The monument which today sits at the site ambiguously represents several figures involved in the de/construction of a wagon which doubles as a speakers’ platform. The concrete base features plaques explaining the Haymarket tale, leaving bare two sides for the future addition of plaques sent in solidarity (or perhaps to commemorate future massacres). The design was subject to approval by a collaborative board of city and state officials, the Chicago Police Department (CPD), and union bureaucrats; unsurprisingly, no anarchists or radicals of any kind were invited to participate in the planning of the monument itself.
Even less surprising was the absence of these voices at the unveiling of the monument. The keynote speaker at the dedication was Douglas Gannon, president of the Chicago Federation of Labor, who mispronounced the names of each of the eight men falsely indicted for the bombing. The thrust of his speech seemed to be that we have the Haymarket martyrs to thank for weekends and the eight-hour workday, but we need not remember that this was for them a step toward the abolition of wage slavery. This seemed to be what the entire event pointed to: looking at labor history with pious gratitude rather than as a fountain of inspiration and strength in our own actions.

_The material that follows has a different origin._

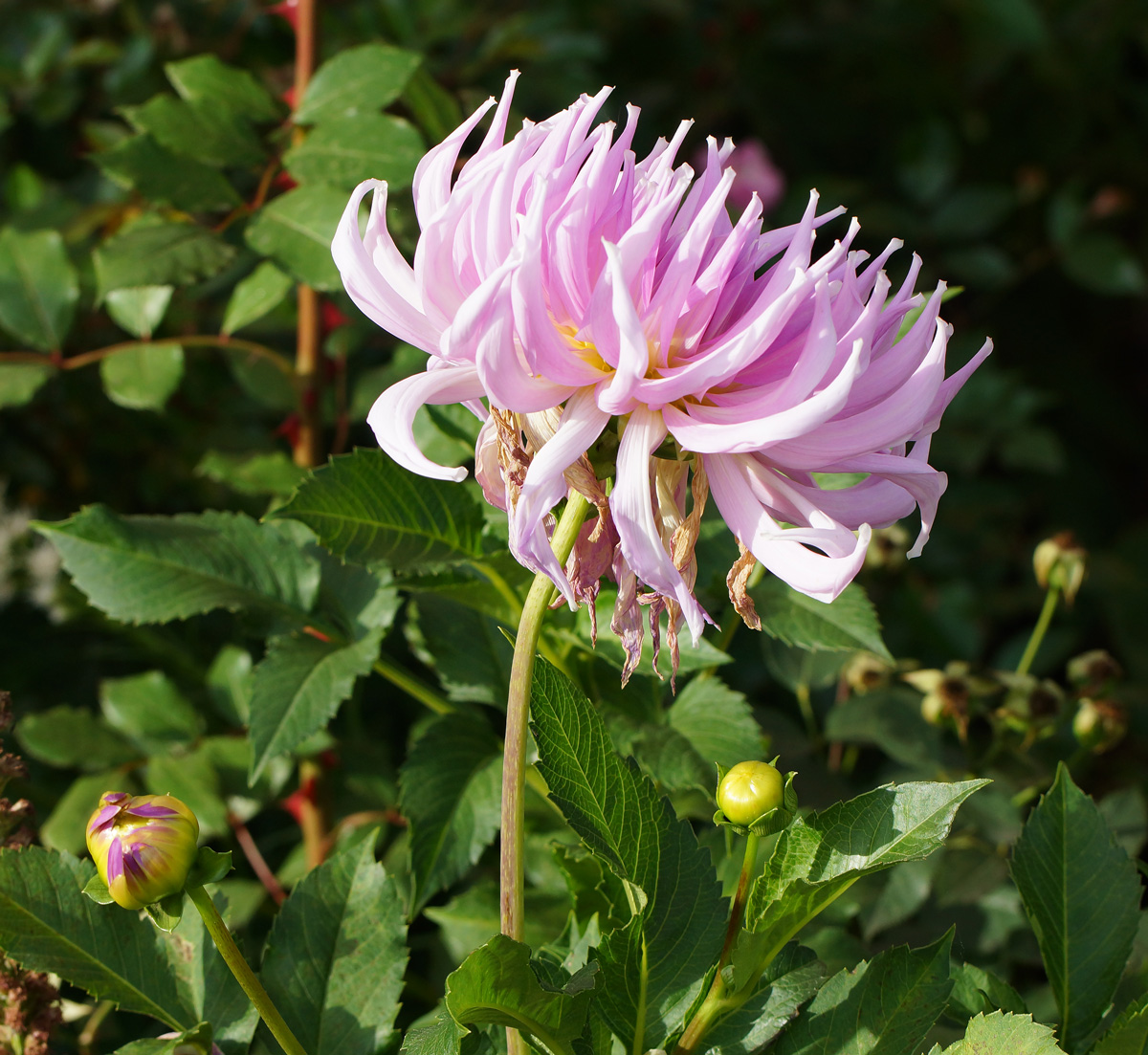 Image of Dahlia &times; cultorum specimen.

Present in the crowd were members of the Illinois Labor History Society, an organization which has worked for decades to preserve both working class history and to radicalize the contemporary labor movement, and one which has long been the major advocate of a proper Haymarket monument. Its founders, Les Orear and Molly West, could have provided some of the most critical and radical analyses of Haymarket and its significance today. Perhaps this is why they were excluded from the event-although Orear was given a token minute to make an impromptu speech after the ceremony had officially closed and many had left.
A small anarchist contingent was present and vocal that day on Des Plaines, but sadly, the anarchists seemed just as lost on the significance of Haymarket as the bureaucrats. This radical bloc was there to protest and remind the assembled that those names in bronze once belonged to anarchists. Flyers were distributed quoting the martyrs on anarchy and asking, “Is it not complete hypocrisy to love the martyrs and hate their anarchism?”

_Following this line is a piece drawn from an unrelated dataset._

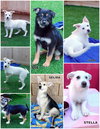 Stella (Puppy)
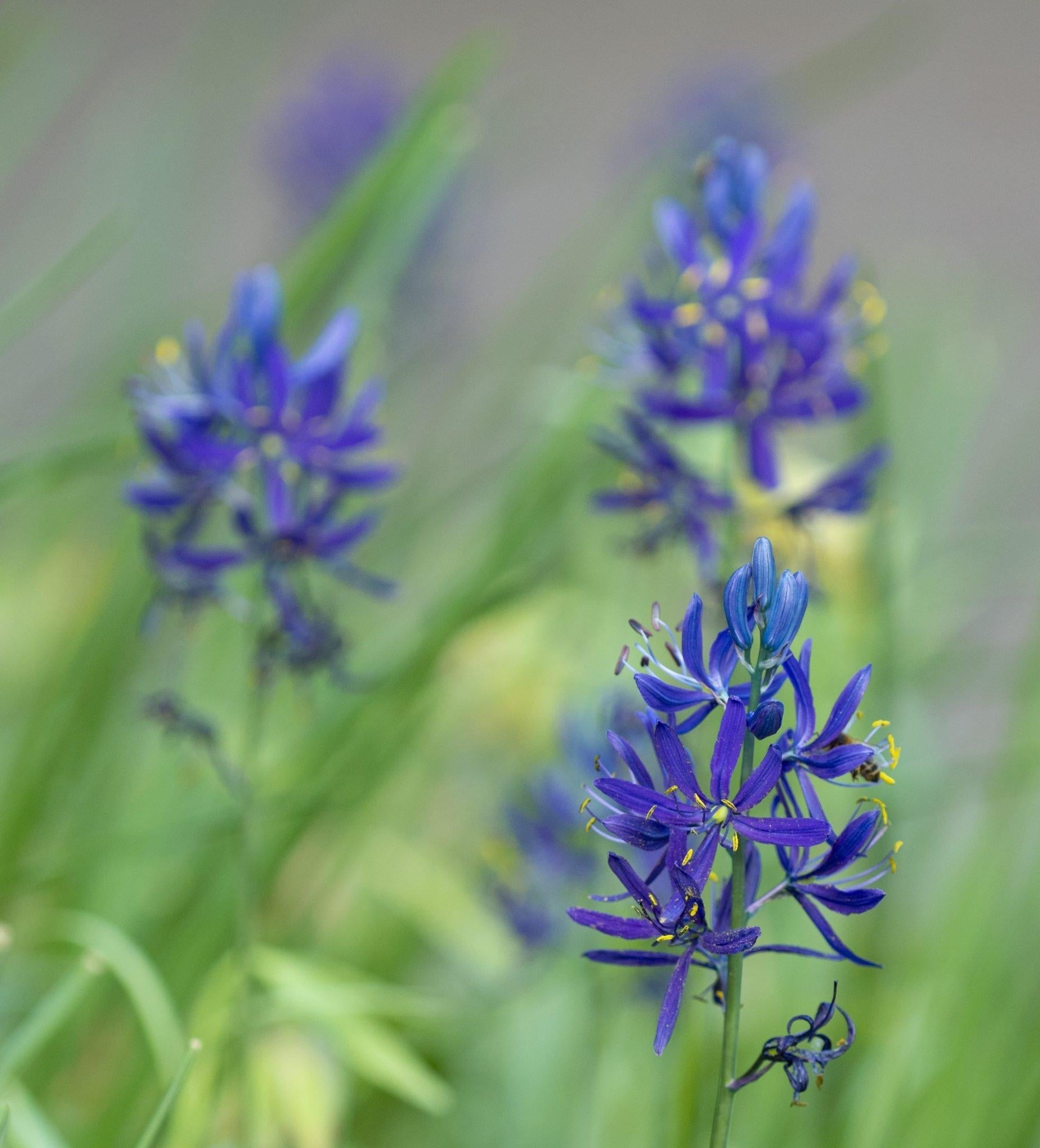 Camassia Esculenta, Light To Deep Violet Blue Star Shaped Flowers - View 5 from www redcrocus com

While we need not dispute that statement, we should ask ourselves if it is not just as hypocritical to love their anarchism and yet learn nothing from the work they did. Parsons, Lingg, Spies, Engel, Neebe, Fischer, Schwab, and Fielden didn’t spend their lives trying to convert workers to anarchism as though it were a kind of religion: they actively fought to change the world. They were not killed because they were anarchists-they were killed because they were shockingly effective in mobilizing the disparate Chicagoans of their era to work together towards total liberation.
As anarchists, we must look at labor history to help shape our contemporary struggles, not simply to align ourselves with a radically fashionable cult of martyrdom. While we need not be grateful to the City of Chicago and the CPD for finally recognizing a site which should have been ritually marked many decades ago, we must not limit ourselves to playing the expected chorus of marginalized critique, trotted out as a free speech sideshow for the U$ Freedom Circus. Instead let’s ask ourselves how to best utilize this space and this story in our creative revitalization of the struggle which the Haymarket anarchists epitomized.